Matrix Calculus
Differentiating Scalars
Let \(f : \mathbb{R}^n \rightarrow \mathbb{R}\).
With respect to vectors
Let \(\mathbf{x} \in \mathbb{R}^n\). Then, \(\frac{\partial f}{\partial \mathbf{x}} = [\frac{\partial f}{\partial x_1}, \cdots, \frac{\partial f}{\partial x_n}]\) or the transpose of the gradient, i.e \(\frac{\partial f}{\partial \mathbf{x}} = (\nabla f)^T\).
Some common examples are given below:
- If \(f(\mathbf{x}) = \frac{1}{2}\mathbf{x}^T\mathbf{A}\mathbf{x}\) then \(f'(\mathbf{x})=\frac{1}{2}(\mathbf{A}+\mathbf{A}^T)\mathbf{x}\) and \(f''(\mathbf{x})=\frac{1}{2}(\mathbf{A}+\mathbf{A}^T)\).

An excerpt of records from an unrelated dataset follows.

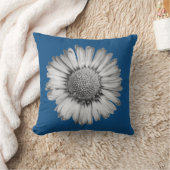白黒デイジーオンクラシックブルー クッション (ブランケット)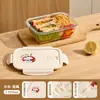 Lonchera de Vidrio Xilekou, Apta para Microondas, Lonchera Especial para Oficinistas, Lonchera para Llevar Comida, Recipiente para Conservar Frutas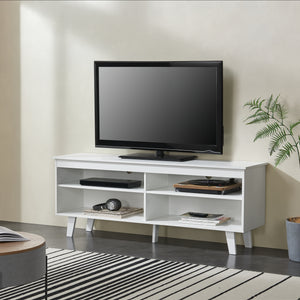 Mobile TV Stenløse Armadio Basso 58 x 150 x 38 cm Bianco [en.casa]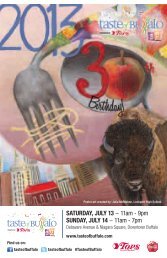 SaTurday, July 13 â 11am - 9pm Sunday, July 14 ... - Taste of Buffalo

- If \(f(\mathbf{w}) = \frac{1}{2}||\mathbf{y}-\mathbf{X}\mathbf{w}||^2\) then \(f'(\mathbf{w})=\mathbf{X}^T(\mathbf{X}\mathbf{w}-\mathbf{y})\) and \(f''(\mathbf{w})=\mathbf{X}^T\mathbf{X}\).
With respect to matrices
Let \(\mathbf{W} \in \mathbb{R}^{m \times n}\), then \(\frac{\partial f}{\partial \mathbf{W}} = \begin{bmatrix} \frac{\partial f}{\partial \mathbf{W}_{11}} & \dots & \frac{\partial f}{\partial \mathbf{W}_{1n}}\\ \vdots & \ddots & \vdots\\ \frac{\partial f}{\partial \mathbf{W}_{m1}} & \dots & \frac{\partial f}{\partial \mathbf{W}_{mn}} \end{bmatrix}\)
Differentiating Vectors
Let \(\mathbf{f} : \mathbb{R}^m \rightarrow \mathbb{R}^n\).
With respect to vectors
This gives the Jacobian.
With respect to matrices
Let, \(\mathbf{W} \in \mathbb{R}^{n\times m}\), then \(\frac{\partial \mathbf{f}}{\partial \mathbf{W}} \in \mathbb{R}^{n \times m \times n}\) *, in practice we compute \(\frac{\partial \mathbf{f}_k}{\partial \mathbf{W}_{ij}}\) separately.